Years later, Faith is found hiding in the barn at Wishing Well Cottage and meets Sarah, who does not know who she is. She asks Sarah to keep her presence secret and to supply her with things. When Debbie becomes suspicious of Sarah's behaviour, she takes her to meet Faith, only to find she has gone. At the B&B, Faith collapses in the bathroom and is found by Doug Potts (Duncan Preston), who calls an ambulance. When Faith is taken outside, she sees Cain and Chas, who are not pleased to see her. While in hospital, it emerges that she is Sarah's benefactor, having made herself penniless by donating £20,000 for Sarah's cancer treatment. At Aaron's wedding to Robert Sugden (Ryan Hawley), a woman arrives with the police and tells them that Faith murdered her father. After an emotional heart-to-heart with Chas, Faith rejects a hug from her, leaving Chas furious and heartbroken. It is later revealed that Faith has had a double mastectomy after battling breast cancer. It also emerges that Faith pushed Kim Tate (Claire King) over a balcony and into a champagne fountain after Kim had insulted the Dingle family. Faith was one of three suspects, but Charity Dingle (Emma Atkins) confronts her after she accuses her son, Noah Dingle (Jack Downham), of committing the crime.

Laura-Jayne Tyler of Inside Soap praised Faith's reintroduction, describing Faith as "a wonderfully wicked addition" and "fun, frivolours and feisty". She added, "we're under no illusion that she can also be an evil cow when she wants to be!
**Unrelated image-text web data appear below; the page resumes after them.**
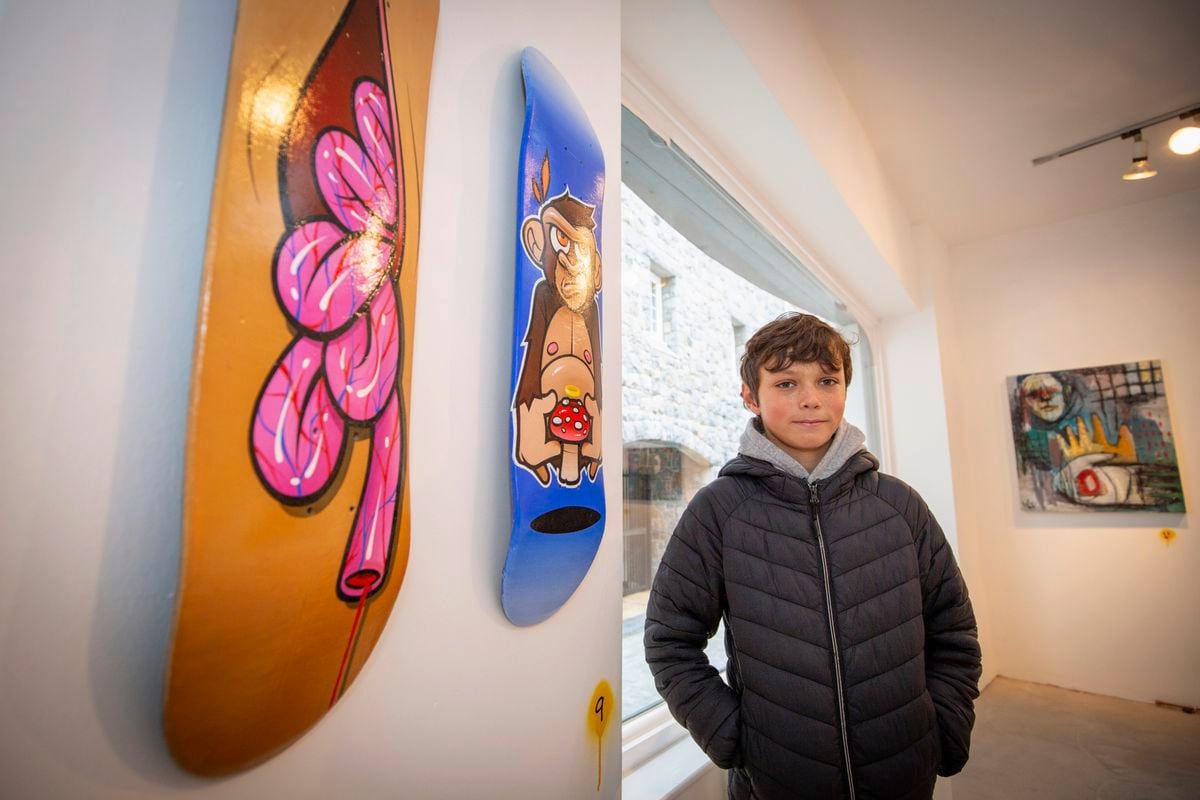 Theo Hollyer-Hill, 12, next to skateboard art that he likes in the exhibition Transformation – The Beginning of an Artistic Journey, a street art exhibition in Mansell Street.	 (Pictures by Sophie Rabey, 30418715)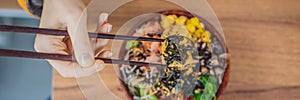 Woman eating Raw Organic Poke Bowl with Rice and Veggies close-up on the table. Top view from above horizontal BANNER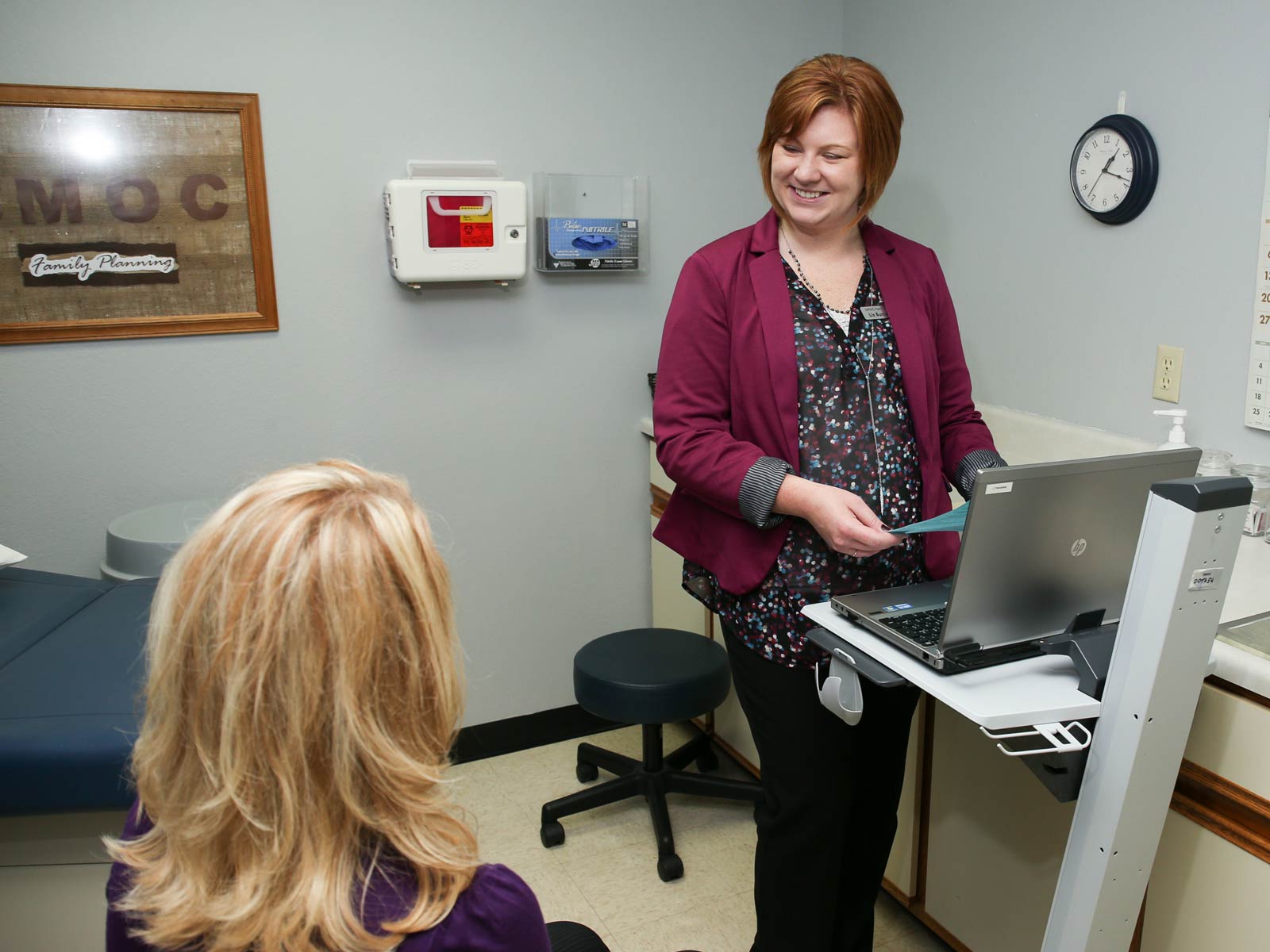 nurse talking to patient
Bring on the episode where we get the nitty-gritty on why her kids hate her so much..." In August 2017, Dexter was longlisted for Best Newcomer and Funniest Female at the Inside Soap Awards. Both nominations made the shortlist. Dexter did not win either of awards. She was also nominated for the Best Newcomer accolade at The British Soap Awards 2017, however, she lost out to Coronation Streets Rob Mallard. Duncan Lindsay from Metro praised Keith's portrayal of Faith in the 2017 flashback episode, giving the actress a "particular nod" as she was "incredibly loyal to Sally Dexter's portrayal of Faith and seriously looked the part too".

On 11 May 2022, Emmerdale announced that they would revisit Faith's breast cancer in a storyline that sees her diagnosed with terminal cancer. The soap worked with British charity Breast Cancer Now who were appointed to provide guidance on Faith's diagnosis and experience of cancer. They also hoped to raise awareness for symptoms of secondary breast cancer to viewers. Dexter felt a strong sense of responsibility to portray the storyline accurately as she acknowledged that the disease is more than a storyline for sufferers of cancer; she also felt privileged to be given the topical storyline. Emmerdale producer Laura Shaw was excited for Faith to be a prominent character on the soap during the storyline, since she had faith in Dexter's acting ability. Shaw noted how despite the "painful and heart wrenching moments" viewers would endure, Faith would also be able to offer "life affirming and positive moments of light in the story" due to the character's upbeat attitude and humour. It was later announced that as part of her cancer battle, a special episode would air heavily featuring Faith, Chas and Cain. She is told that her chemotherapy is not working and she decides to stop the treatment. The episode, which aired in July, explores the impact Faith's terminal diagnosis has on the lives of her children "as they navigate this heartbreaking turn of events". This led to Faith's departure from Emmerdale when she decided to end her life on 13 October 2022. She died in Cain's arms. The character last appeared on screen on 28 October 2022 during her funeral. In an unannounced return, Dexter reprised the role for a flashback, which was originally broadcast on 12 November 2025; Dexter called it was "delightful" to return and said that she had been practising an Australian accent in case producers wanted her to play Faith's cousin, who she jokingly called "Hope".